§ YOUR OBJECTIVE
Your copy should hold only the lines from the one containing "A spacious room" through the final line of the entries, exactly as written, with no pictures.

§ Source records
★ ★ ★ ★ ★ ★ ★

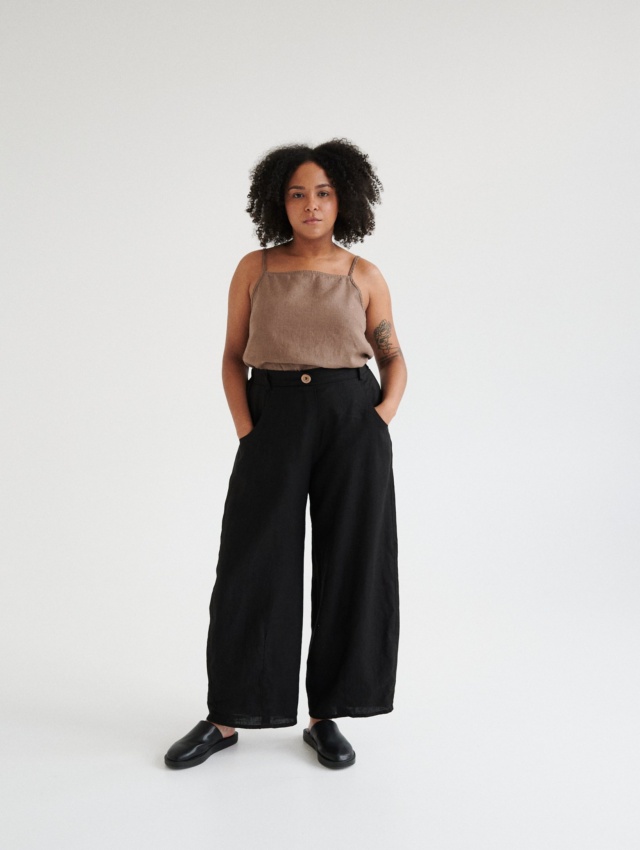 A woman wearing black linen barrel trousers.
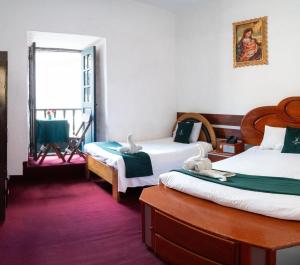 una stanza con due letti e una finestra di Rituales Inn Cusco - San Blas a Cuzco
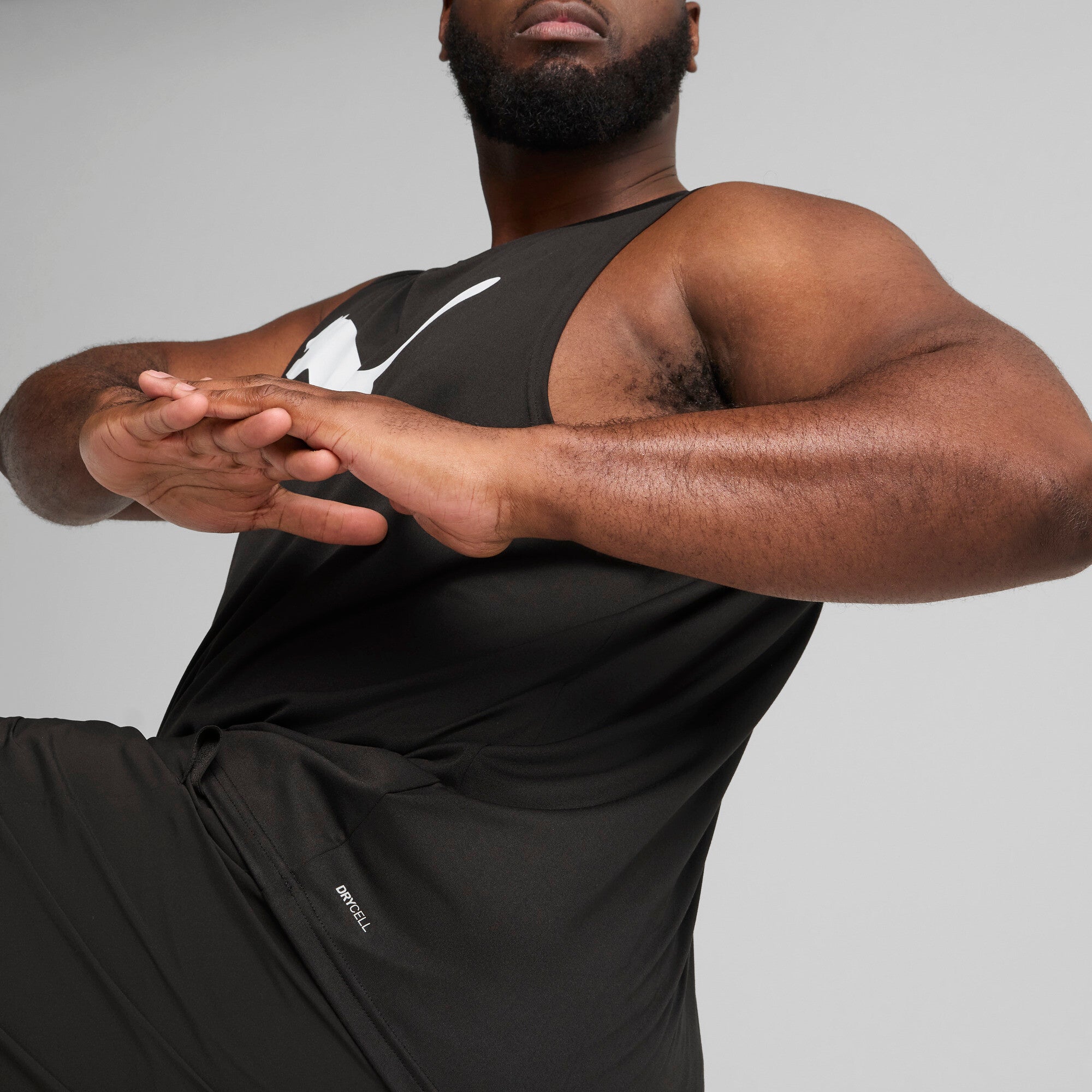 PUMA TAD ESSENTIALS sleeveless tank men in black — model shot 2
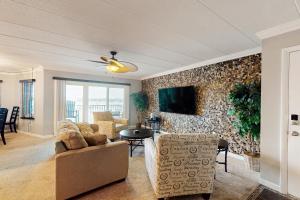 a living room with a couch and a tv on a wall at White Marlin 208B in Ocean City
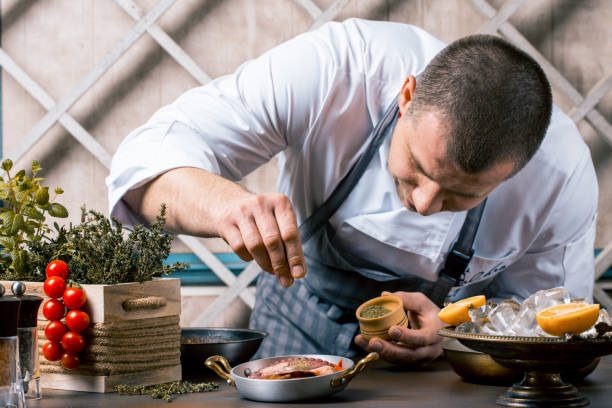 Chef sprinkling spices on dish from octopus in commercial kitchen. Gourmet Restaurant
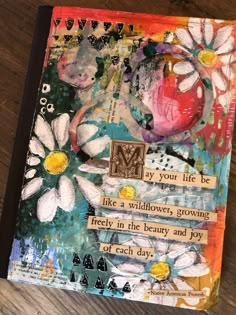 an art journal with flowers and words written on the pages, sitting on a wooden table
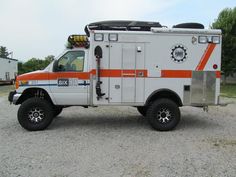 an ambulance is parked in the gravel near some trees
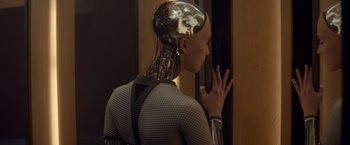 Movie still from “Ex Machina” (2014), directed by Alex Garland – A woman in a black and white dress with a robot head; Close Up shot, Over the shoulder angle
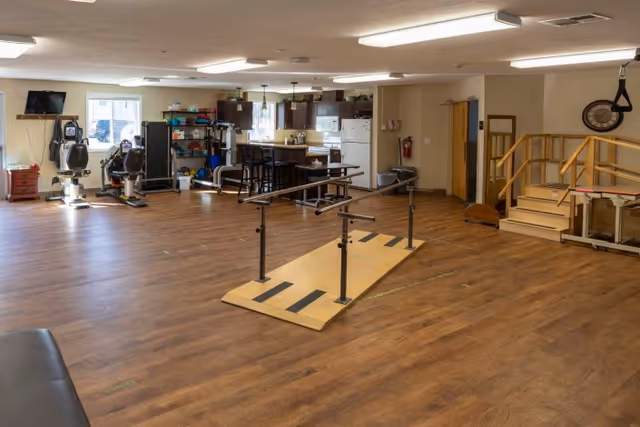 A spacious room with wooden flooring featuring parallel bars for physical therapy in the center. To the left, there are exercise machines and shelves with various fitness equipment. In the background, there is a kitchenette area with a refrigerator, cabinets, and a small dining table with chairs. On the right side, there is a set of wooden stairs with handrails and a clock on the wall.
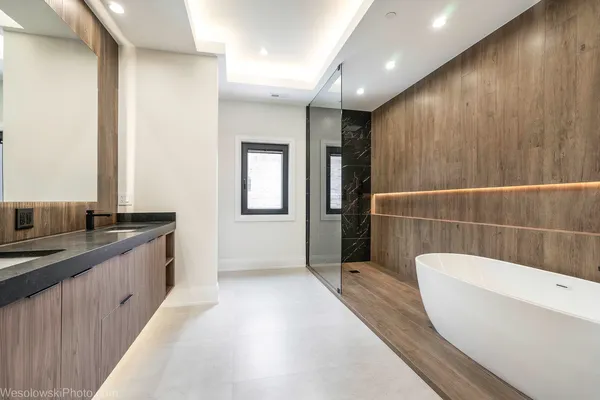 a view of an empty room with wooden floor and closet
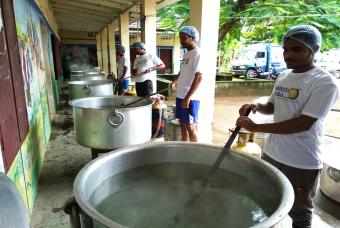 Rice being cooked in huge cauldrons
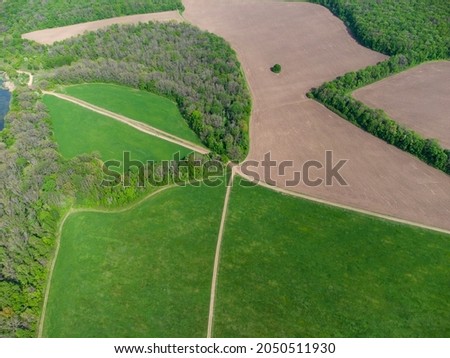 Aerial countryside on sunny day. Green summer rural landscape with pasture, dirt fields, road lines and forest around
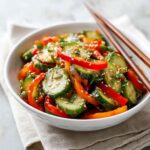 Asian cucumber salad in white bowl with sesame seeds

★ ★ ★ ★ ★ ★ ★

§ TASK OUTPUT
 A spacious room with wooden flooring featuring parallel bars for physical therapy in the center. To the left, there are exercise machines and shelves with various fitness equipment. In the background, there is a kitchenette area with a refrigerator, cabinets, and a small dining table with chairs. On the right side, there is a set of wooden stairs with handrails and a clock on the wall.
 a view of an empty room with wooden floor and closet
 Rice being cooked in huge cauldrons
 Aerial countryside on sunny day. Green summer rural landscape with pasture, dirt fields, road lines and forest around
 Asian cucumber salad in white bowl with sesame seeds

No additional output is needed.